By Ben Gilbert, Model Portfolio Manager, Sarasin & Partners
It has been a ruthless year for asset allocators, with accelerating inflation and its consequences – from interest rate hikes to increased recession risks – triggering an undifferentiated sell-off across all major asset classes. Equities endured the worst beginning to a year since the 1970s, while fixed income encountered its first bear market – referring to falls equal to or greater than 20% – in more than three decades.
By the end of Q3 2022, three parallel bear markets had emerged in entirely different assets: during the first nine months of the year the S&P 500 fell 25%, the yen/US dollar rate saw a 20% drop, and the copper price sank 23%. Even gilts witnessed a severe correction to the tune of 30%, while more speculative assets such as bitcoin have been hurt dramatically, breaching 60% declines.
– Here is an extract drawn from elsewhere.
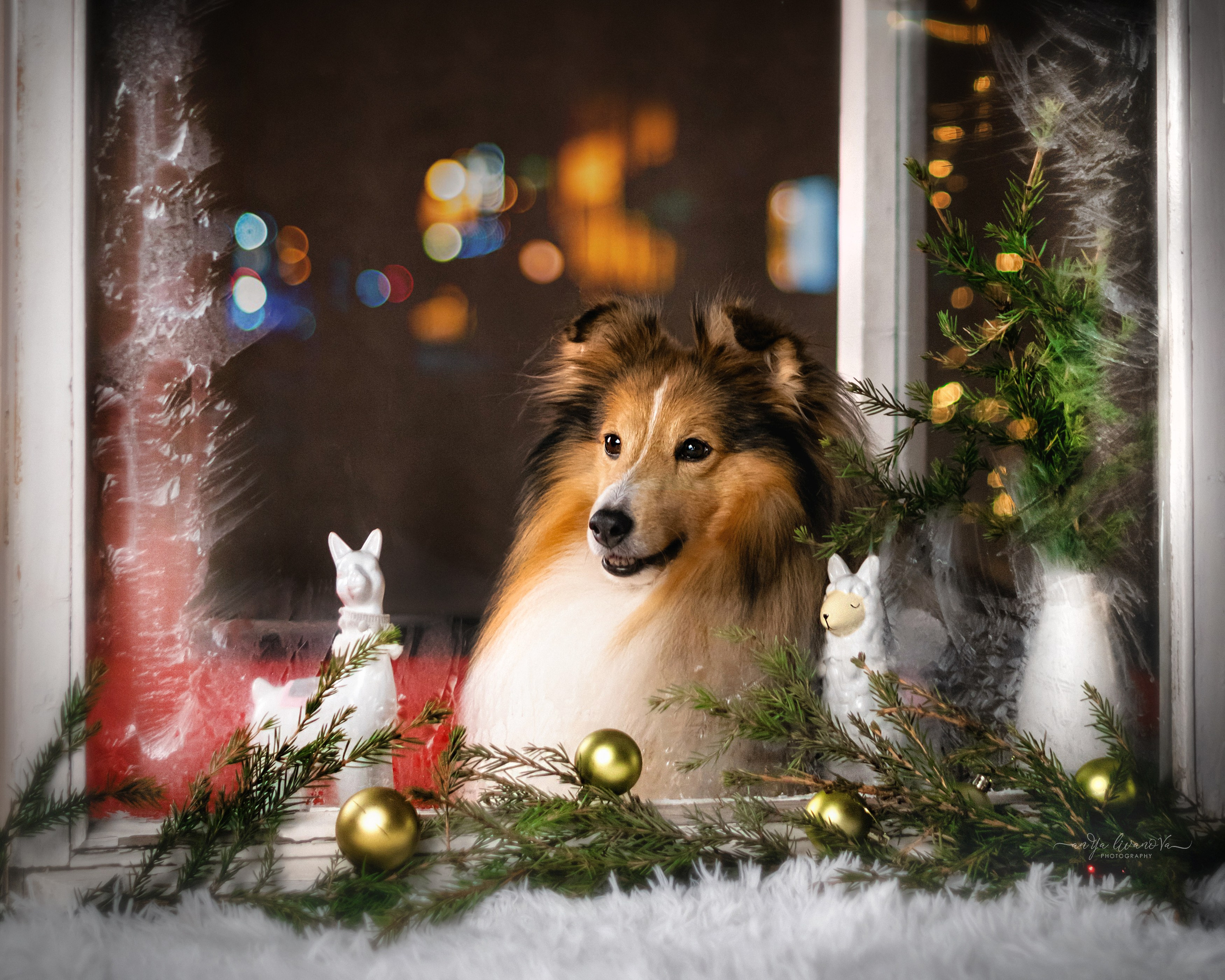 Окошко. Фотограф анималист Аня Ливанова | Рыбинск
Apart from 1994, it is hard to remember a global market downturn that has left so few places to hide, with only the greenback offering investors protection over recent weeks. Amid the much murkier investment outlook, investors can no longer expect markets to passively drive returns in the way they may have done in the past. Asset allocators must accordingly become highly selective and take a rigorous approach to risk management to ensure portfolios remain resilient over the coming years.
Caution is key
Over the past three quarters we rebalanced our model portfolios on six occasions – twice the number of times we would usually adjust our asset allocation over the same period. Given that heightened market turbulence is likely to persist for the remainder of the year and into 2023, it is prudent that investors exercise caution, opting for minimal risk exposure and increased weightings towards defensive assets across portfolios.
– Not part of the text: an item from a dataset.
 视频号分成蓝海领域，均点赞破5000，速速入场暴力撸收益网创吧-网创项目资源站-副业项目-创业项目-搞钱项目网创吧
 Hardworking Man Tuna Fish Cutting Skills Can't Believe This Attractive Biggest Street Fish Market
We remain underweight global, European and emerging market equities as we enter the closing stage of 2022. While equity valuations have returned to much more compelling levels in recent weeks, the accelerated tightening of monetary policy across western economies risks further compression of equity valuations. The expectation that global growth will slow materially over the coming years also poses a considerable threat to the outlook for corporate earnings.
However, many leading global companies are financially robust, with banks in particular boasting near-record reserves – in sharp contrast to the 2008 global financial crisis. Despite the challenging economic backdrop corporate earnings have also been surprisingly resilient and dividend flows remain prodigious. As such, our equity exposure is tilted towards defensive, dividend paying stocks that offer greater potential for insulation against macroeconomic uncertainty.
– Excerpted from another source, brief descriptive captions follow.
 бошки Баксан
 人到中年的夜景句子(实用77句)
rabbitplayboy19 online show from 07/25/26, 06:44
Aside from our tactically elevated cash position, we are also bolstering portfolio resilience through an overweight allocation to alternative assets, such as infrastructure and renewables – which should offer inflation-linked returns – as well as diversified hedge funds that tend to perform best in more volatile market conditions and can generate returns with low correlations to equity and bond market returns.
We expect a UK recession, which could be longer than average but relatively mild, with the downturn cushioned by Covid-era savings and low unemployment rates across the country. Focusing on portfolio protection against downside risks will be key moving forward, but at the same time a compelling opportunity may be emerging in fixed income.
While we remain underweight bonds overall, we see increasing value in UK investment grade corporate bonds – particularly from issuers in less cyclical or global industries. UK investment grade credit offers decade-high yields and price momentum is now decidedly positive, with the most compelling risk-reward proposition in shorter (sub-10-year) maturities.
As such, the asset class is just beginning to make a case for itself again in portfolios, after a long period of being unattractive. We have subsequently taken our first steps towards putting some risk back into portfolios, moving to neutral in high-quality corporate bonds. Beyond that, we will likely invest more capital into global thematic equities when we feel the timing is right.